Almost everything in this movie is antique -- the large cast of older men as reporters, the elderly "Pops" who runs the diner, the frozen-in-amber look of the sets for the warden's home and his office in the prison -- and this elegiac effect is heightened by the continual references to times gone by and the display of worn-out and bypassed items, such as the out-of-date Post Office "Wanted" posters that Pops has learned to love. Even the direction of the unknown young "Girl" is reminiscent of Murnau's direction of Janet Gaynor in 1927's "Sunrise."

If you look up the bios of the actors, you will see that at least half of them were over 50 and some were in their late 60s. Did Paul Sloane just come out of hibernation, hire all of his old colleagues and have one last go at it? I don' think we will ever know -- but for whatever reason he did it, the film is very satisfying if you think of it as a "silent film with sound."
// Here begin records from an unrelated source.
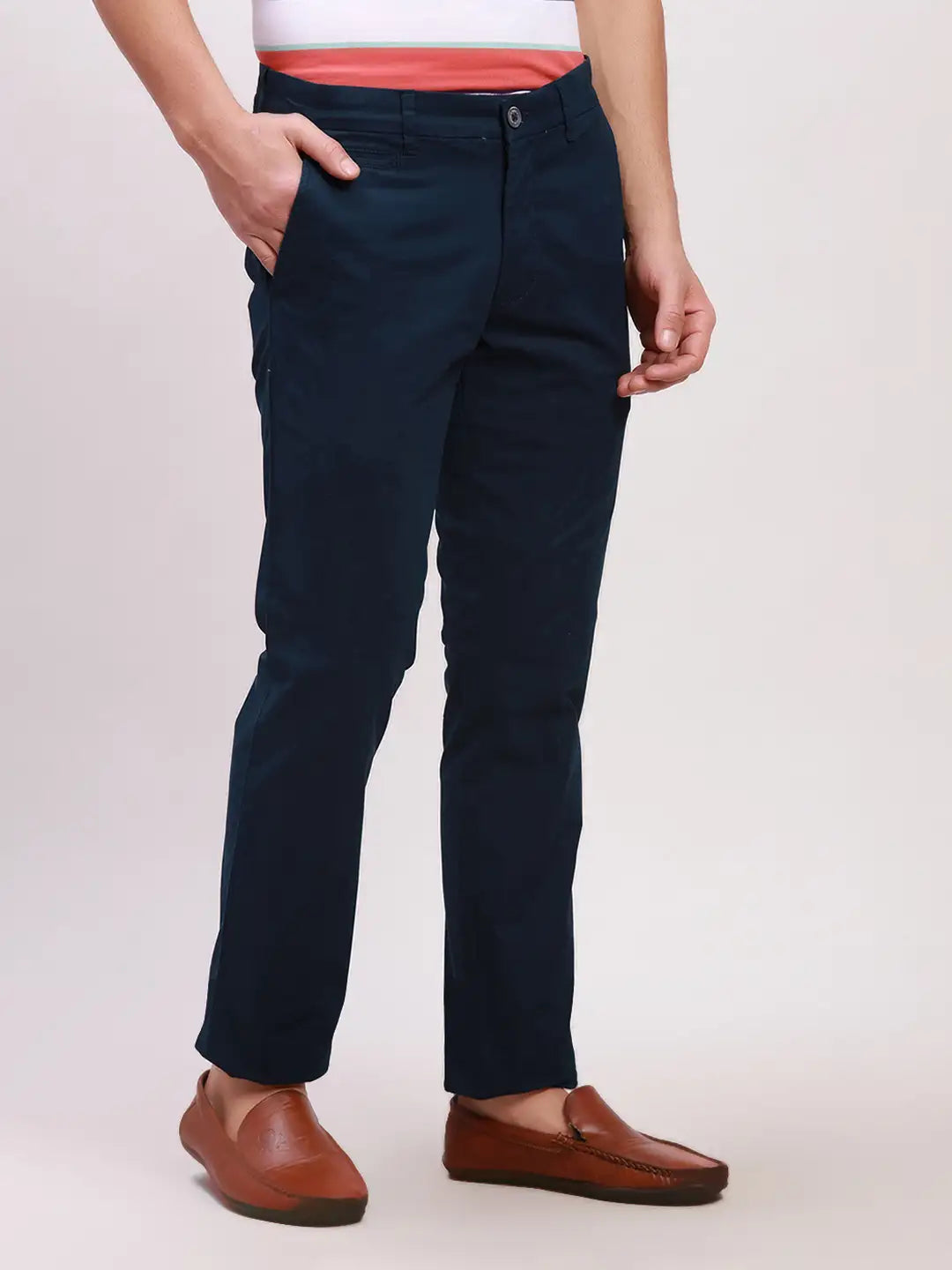 Parx Men Green Solid Lrt Cotton Blend Trousers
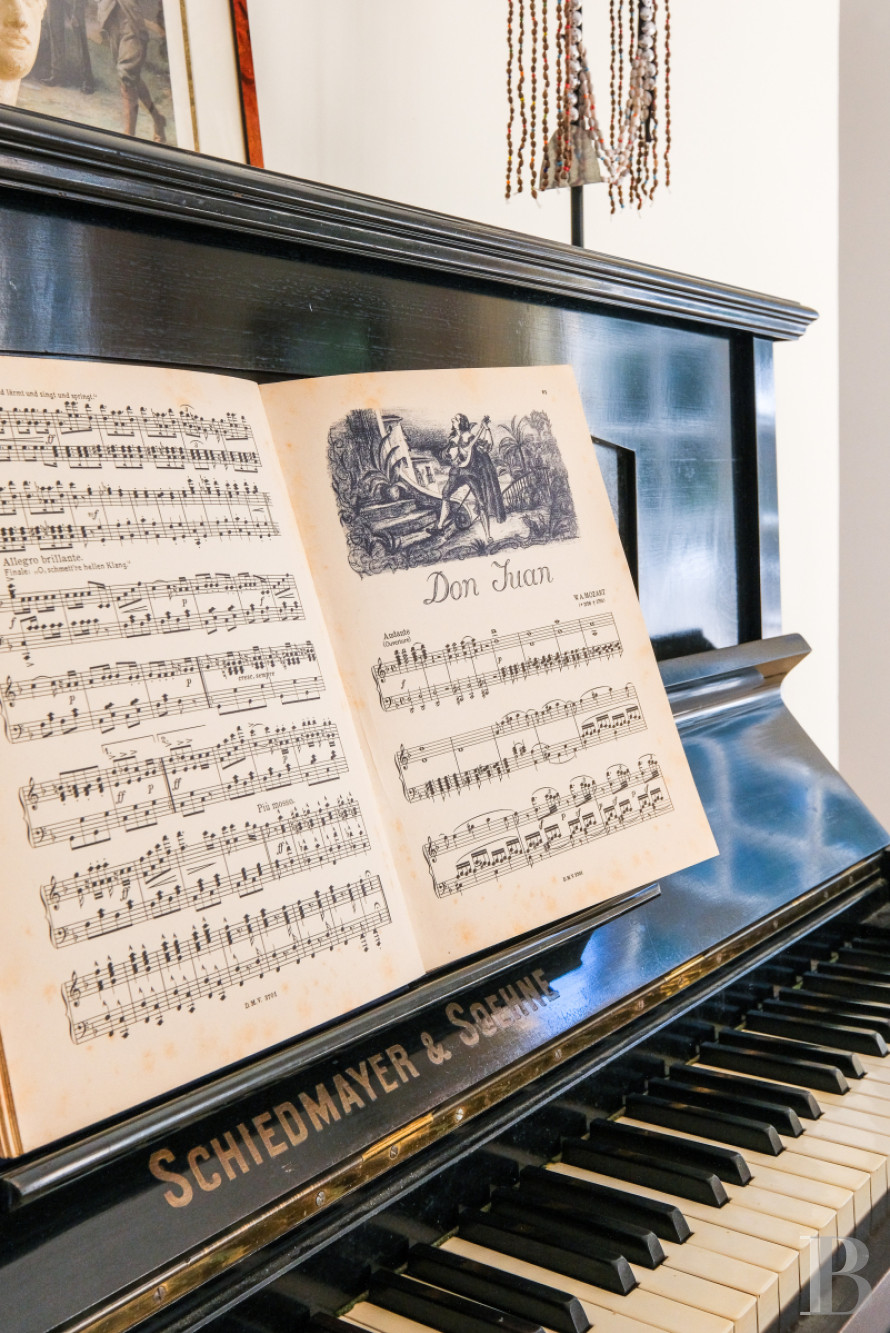 Sur la côte Varoise, une villa du 19e siècle posée au-dessus de la mer et rénovée dans un esprit contemporain - photo  n°13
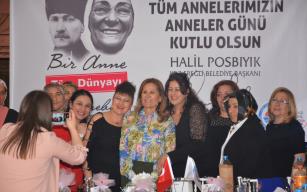 BAYAN POSBIYIK, ANNELER GÜNÜNDE İFTAR VERDİ..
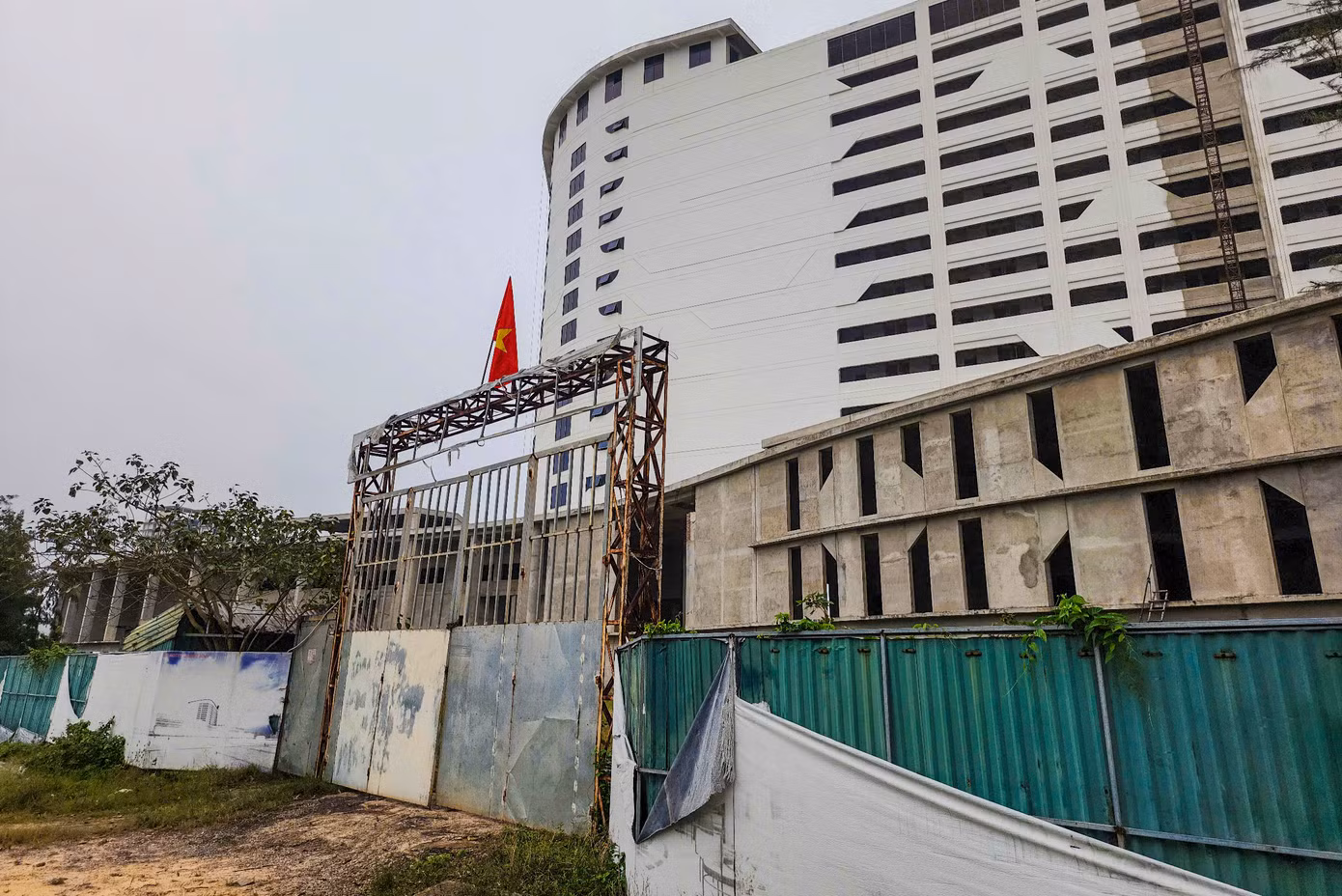Cánh cửa chính đi vào dự án nằm trên đường Võ Nguyên Giáp luôn khóa kín. Hệ thống thông tin, hình ảnh dự án bị xóa mờ theo thời gian.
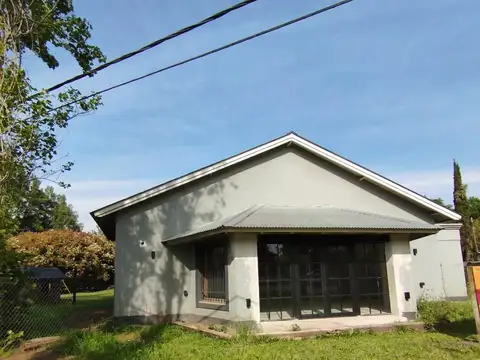 Local esquina Houssay t Mitre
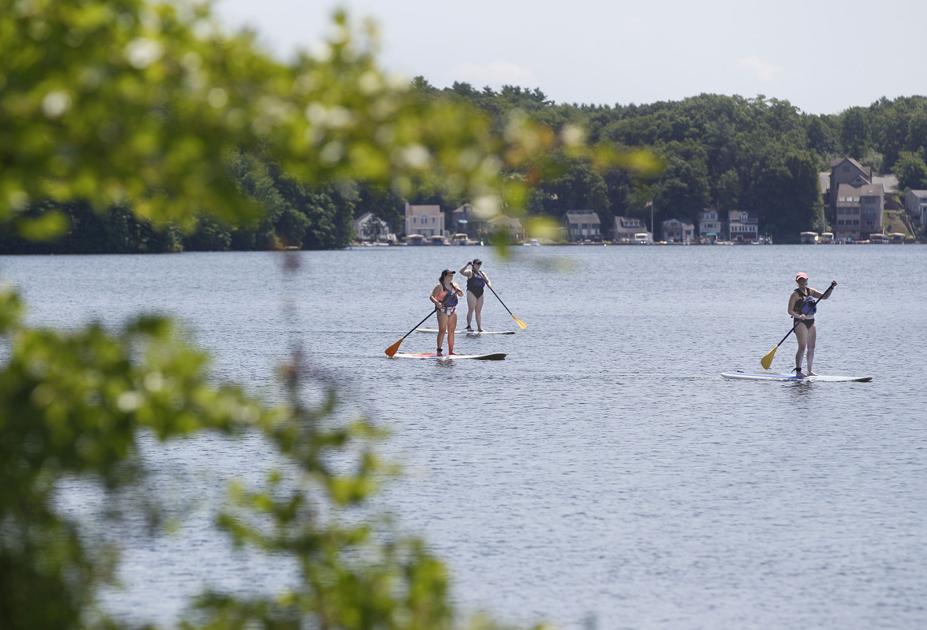 TheSunChronicle's tweet photo. A public health advisory has been issued for what is being deemed a harmful algal bloom found at Lake Pearl in #WrenthamMA. https://t.co/KRJCf6L3TJ https://t.co/I0juVxNj7q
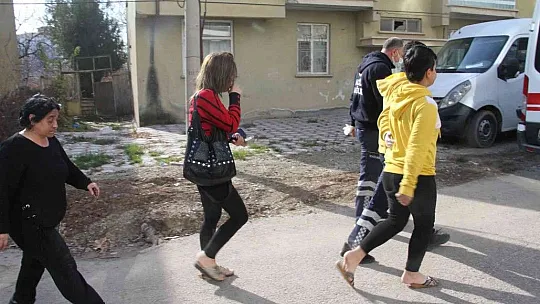 Eski sevgilisinin evini benzin döküp ateşe verdi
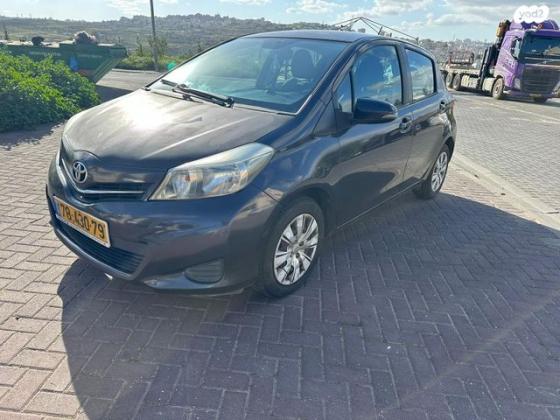 טויוטה יאריס Sol אוט' 1.3 (99 כ"ס) בנזין 2012 למכירה בירושלים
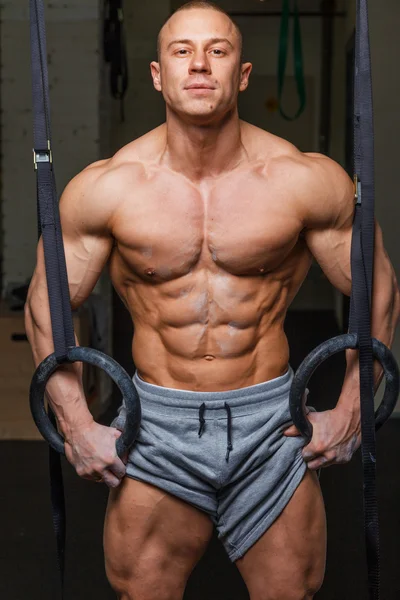 Sterke gespierde man bodybuilder — Stockfoto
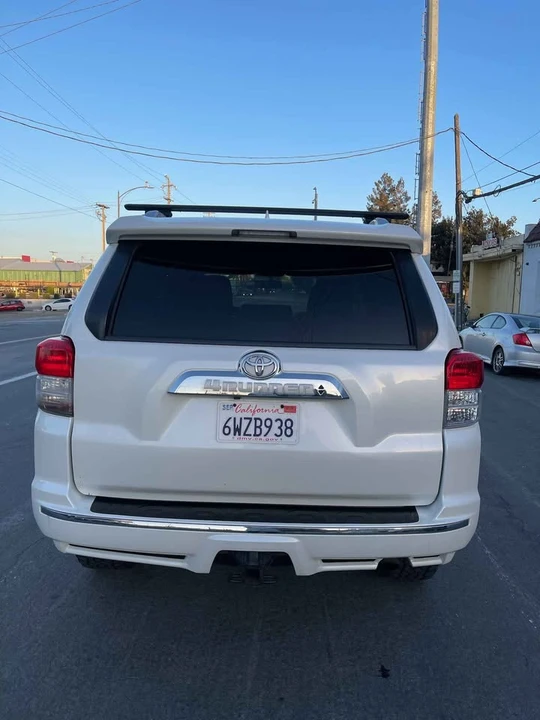 2012 Toyota 4Runner 5th Gen - Image 8 of 20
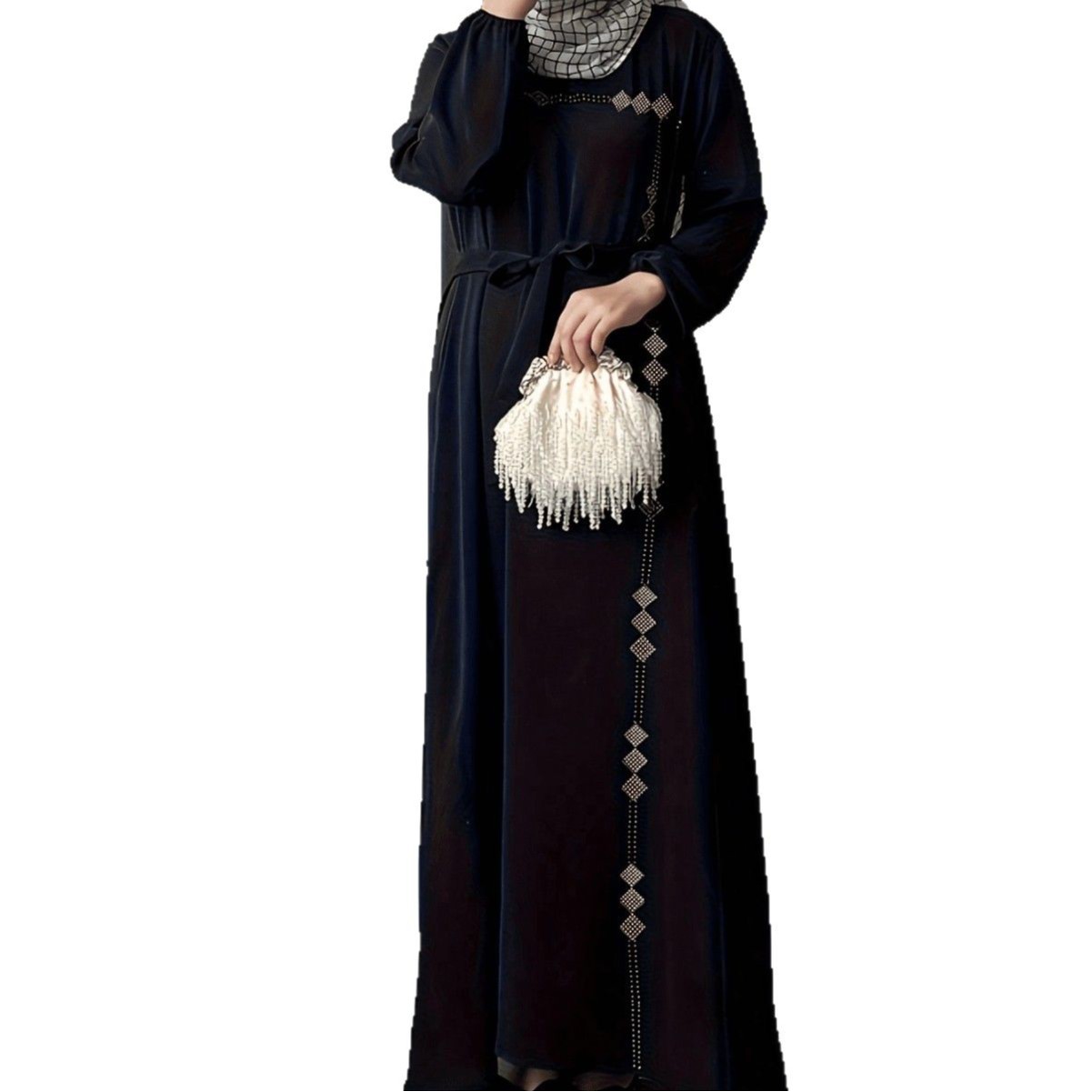Robe longue noire pour femme, style plateforme, ornée de strass, disponible en stock au Moyen-Orient (source : commerce extérieur)._voghion.com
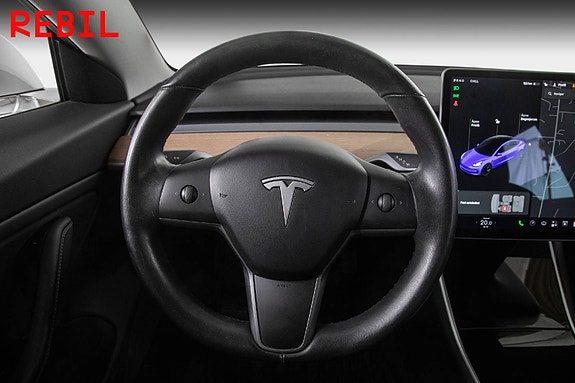 Tesla Model 3 12 of 26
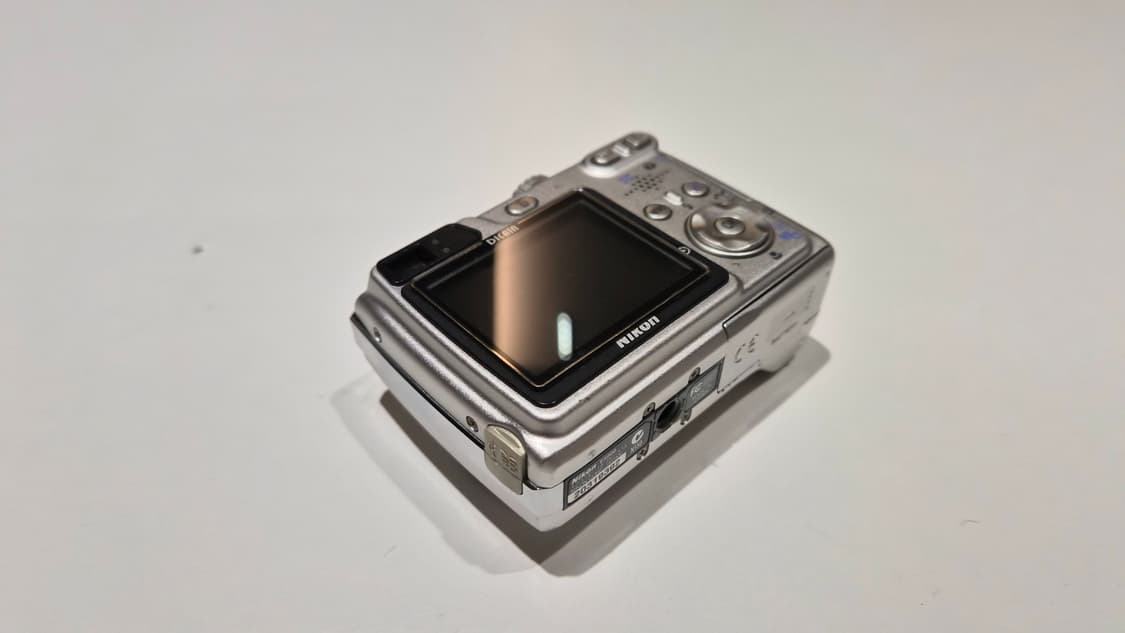 작례O 초소형 최고등급 니콘 쿨픽스 5900 디지털카메라 빈티지 디카 상품이미지9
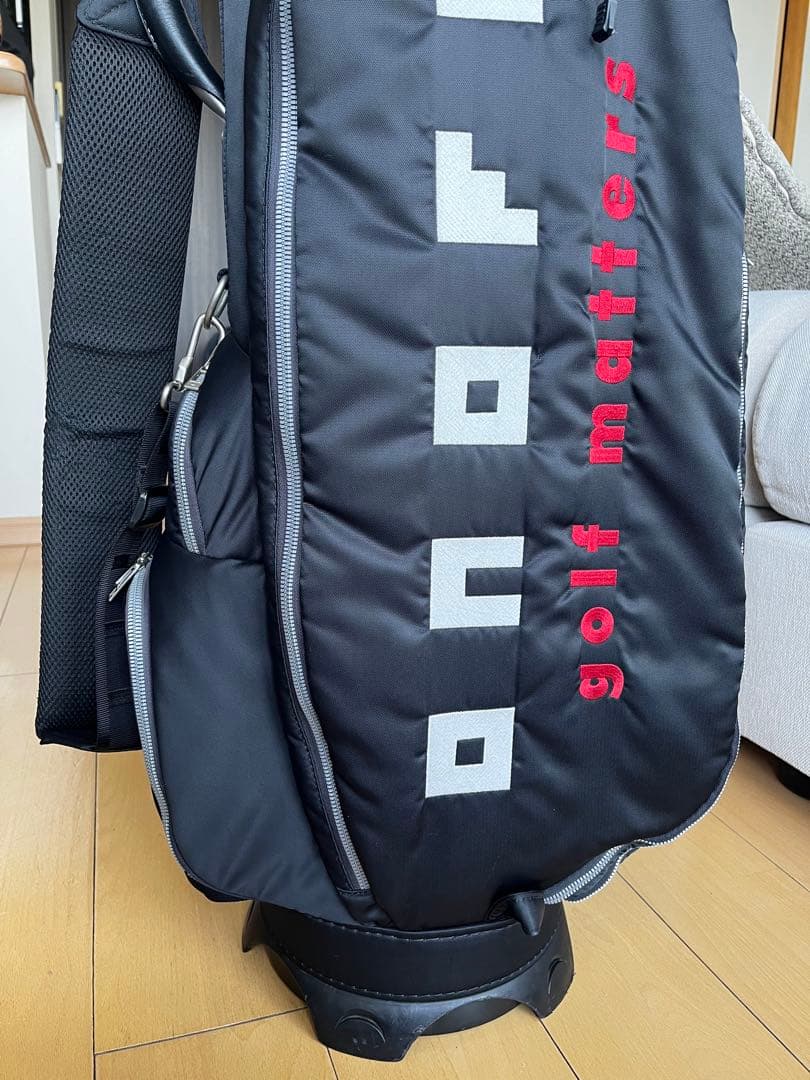 専用　大人気　美品オノフ　ONOFF ブラック　カートキャディバッグ　軽量　9型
I rated it an 8, which i rarely do for "B" films, because although it was filmed with minimal sets and although i tend to downgrade films that feature boyishly handsome priests called "Padre," (sorry, just a quirk of mine), this movie is unique, like a carton of mint-condition New-Old-Stock porcelain dolls found in the sealed-off back room of a diner on a sound stage somewhere in Post-War Los Angeles.

Don't be afraid to try it. Just love it for what it is.